*COLLECTED MATERIAL*
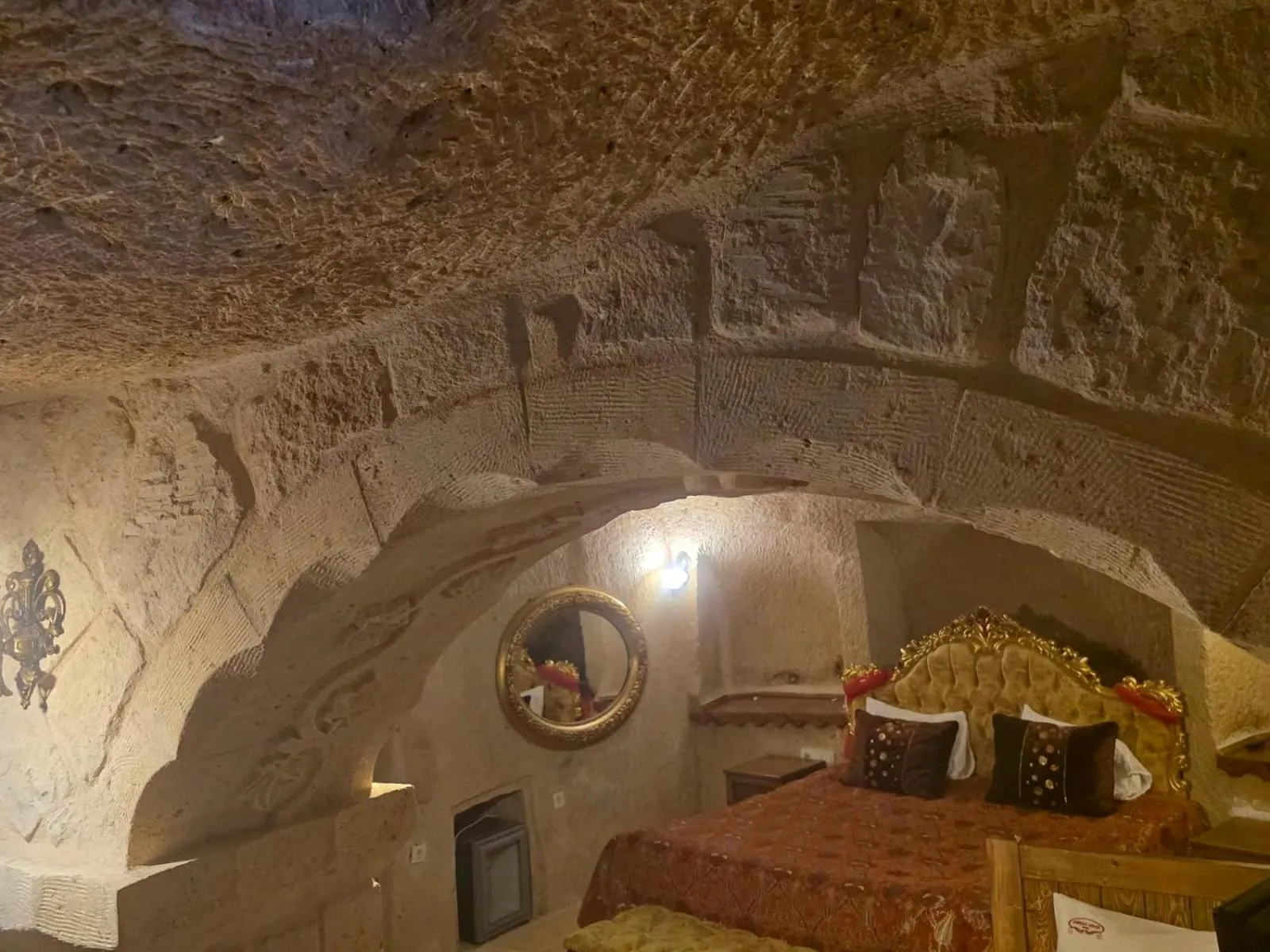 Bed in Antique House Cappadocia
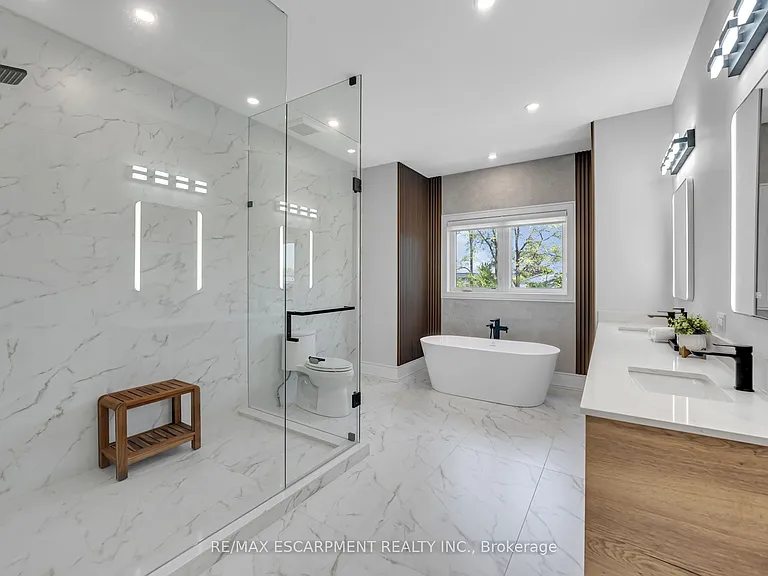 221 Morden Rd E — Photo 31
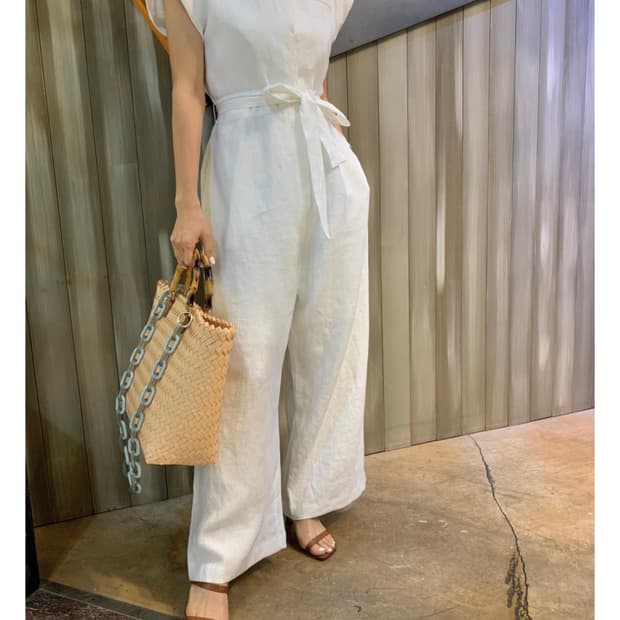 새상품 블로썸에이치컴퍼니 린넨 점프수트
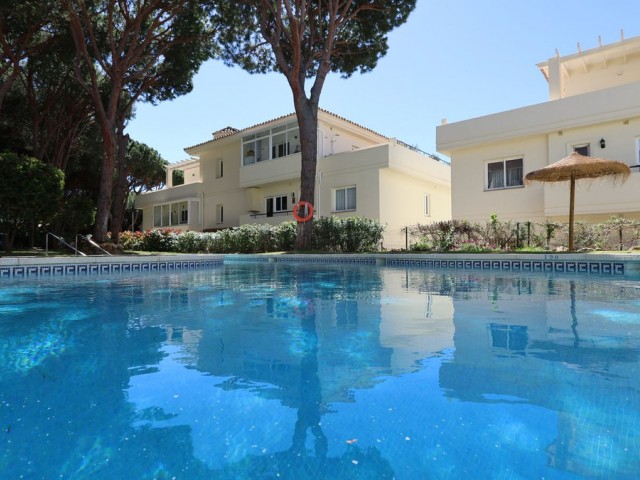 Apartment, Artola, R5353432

*YOUR GOAL*
Apart from the images, every line above is to be given again exactly.

*WRITTEN RESPONSE*
 Bed in Antique House Cappadocia
 221 Morden Rd E — Photo 31
 새상품 블로썸에이치컴퍼니 린넨 점프수트
 Apartment, Artola, R5353432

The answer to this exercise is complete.